Muito boa a experiência, pois trouxe muitos desafios a serem enfrentados com humildade e sabedoriaO Festival foi mais uma iniciativa de tantas a que nos juntamos a fim de promover a inclusão, mas os desafios permanecem e precisam ser partilhados. E, se cada um fizer sua parte, faremos uma sociedade inclusiva. Infelizmente, muitos ainda não pensam em “todos”, e constroem práticas que são excludentes, pois não possibilitam o acesso de todos ao conhecimento espírita. É nisso que consistem nossos maiores desafios: quebrar as barreiras impostas pelas atitudes que segregam, limitam, desrespeitam o direito de todos de ser espírita, de frequentar uma casa, de acompanhar uma palestra, participar de uma atividade de maneira equânime.

Como o conhecimento espírita auxilia no desenvolvimento de suas atividades profissionais, haja vista que você trabalha com educação inclusiva?

Deixa claro que meu maior exemplo de inclusão é Jesus. Especialmente me recordando todos os dias que “não somos” definitivamente isso ou aquilo, logo esse modo de categorizar o mundo em “normais e anormais”, “capazes e incapazes”, “eficientes e deficientes” é completamente antievangélico. Na verdade, “estamos” vivendo em determinadas condições por razões lúcidas do Criador que nos permite o aprendizado e a evolução sob diferentes óticas. Assim, aquilo que não alcançamos/percebemos, respeitamos e acolhemos quando está no outro, chegará até nós - de maneira cada vez mais palpável – para promover o nosso despertamento espiritual para o amor, sem distinção.

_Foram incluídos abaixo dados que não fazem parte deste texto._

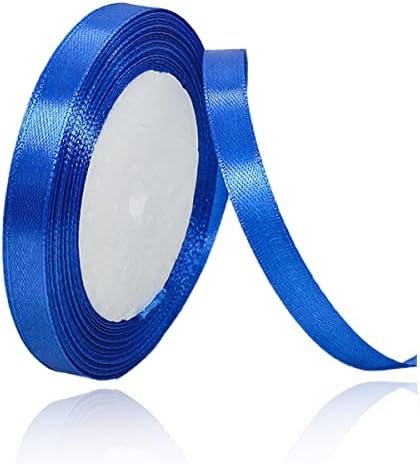 Gold Satin Ribbon 25mm x 23 Meters, Solid Color Fabric Present Ribbon for Crafting, Gift Wrapping, Bows Making, Floral Arrangement, DIY Sewing Projects, Bridal Bouquet and Festival Decoration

Vocês têm, em João Pessoa, um projeto que se chama “Escola Projeto Aponte”, que projeto é este e como vocês fazem para mantê-lo?

É um projeto que se mantém apenas por meio de doações. Doações de todo tipo: de serviço, materiais, recursos humanos etc. Ele consiste numa escola de educação infantil que acolhe e educa 40 crianças em situação de vulnerabilidade social na periferia de João Pessoa. Funciona numa casa emprestada por um dos voluntários, em dois turnos. Oferece aulas, material escolar, apoio psicopedagógico, psicológico, nutricional, alimentação, fardamento etc. Também apoia as famílias dessas crianças com orientação, educação em saúde etc. Funciona desde 2014, e apesar dos desafios, realiza uma proposta de educação do espírito dentro do paradigma da inclusão. Recebemos crianças – não importam suas diferenças, o que possuem. E todas são acolhidas e participam de tudo, e ainda têm aula de Libras desde que entram na escola.

Suas palavras finais.

Somos gratos pela oportunidade de falar a respeito da inclusão e solicitamos que os dirigentes, palestrantes, enfim, todos os trabalhadores da seara espírita, sintam-se corresponsáveis em fazer do movimento aquilo que já está presente na doutrina; afinal, inclusão é amor incondicional a todos os irmãos e irmãs, conforme exemplificou o Mestre.